Ancienne Secrétaire Générale de la Commission béninoise pour l’UNESCO, je connais le parcours du combattant  que ma consœur Aminata Sall a mené, depuis la décision d’inscrire ces joyaux au patrimoine mondial, jusqu’à l’accord de l’UNESCO pour l’inscription effective du site en question. Que de lobbying et de plaidoyer internes à faire en direction des autorités gouvernementales, l’Assemblée nationale et tous les canaux financiers qui, face aux frais que suscitent tous ces allers et venues vers Paris, manifestent parfois quelque réticence dû à l’amenuisement de la cagnotte nationale. Tout ça pour ça ! Sans oublier que le gros œuvre est abattu par la Délégation nationale de l’Unesco à Paris. Et quand enfin, vous avez votre patrimoine historique inscrit enfin, après tant de nuits à guetter le sésame de l’UNESCO, que de bonheur pour le pays entier. Que de larmes de joie au sein de la délégation. Aminata Sall a pris de l’âge, épuisé ses forces pour réaliser tous ces exploits pour son pays. Ces vestiges du passé ont montré au monde entier que l’Afrique elle aussi a une histoire.

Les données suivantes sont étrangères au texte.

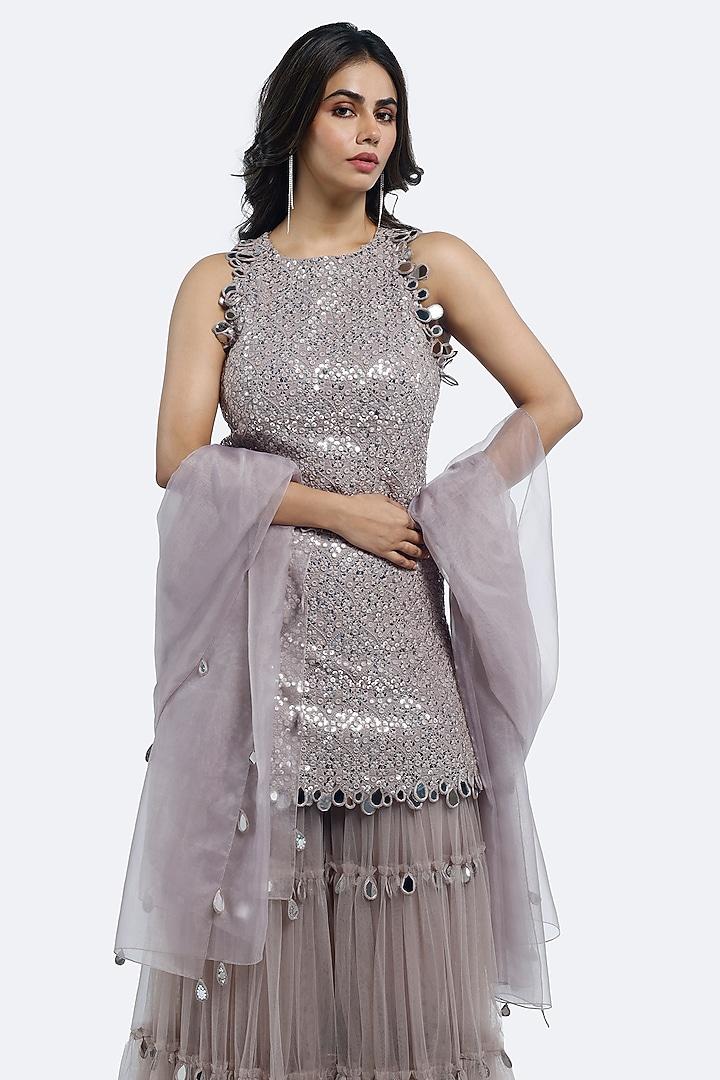 Mauve Net Mirror Work Kurta Set by Onaya at Pernia's Pop Up Shop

Œuvre de tant de jours, en un jour effacé. Les larmes que j’ai versées face à ce crime abominable contre l’humanité ; les larmes que vous, anonymes avez versées à travers le monde entier ne couleront pas en vain. « Gbè non sa noutondé ahoa ». La vie ne vend jamais rien à crédit, a-t-on coutume d’entendre dire dans la langue fon au Bénin. On paie tôt ou tard tous les crimes commis. « Les fous de dieu » paieront au centuple. Et avec eux, tous ceux là qui, d’une manière ou d’une autre ont entrainé le Mali dans ce cauchemar. Où étaient Sanogo et ses gros bras, boxeurs et briseurs de crâne présidentiel quand l’innommable s’accomplissait à Tombouctou, la Cité des 333 saints. Chaque génération sera comptable des actions qu’elle a menées pour conduire son pays vers le progrès ou dans la tombe.
Quant à toi ma sœur Aminata, quant à vous mes frères et sœurs Maliens, sachez que l’Afrique entière est à vos côtés dans cette longue pénitence. Le sang des ancêtres ne sera pas versé impunément. Car j’ai vu du sang couler des tombeaux de la cité des 333 saints. Séchez vos larmes. Un nouveau jour se lève. Il se lèvera plus tôt qu’on ne le croit. La vie ne vend jamais rien à crédit ; on paie tout ce qu’on a semé. Les terroristes paieront leur forfaiture jusqu’à la fin de leurs jours.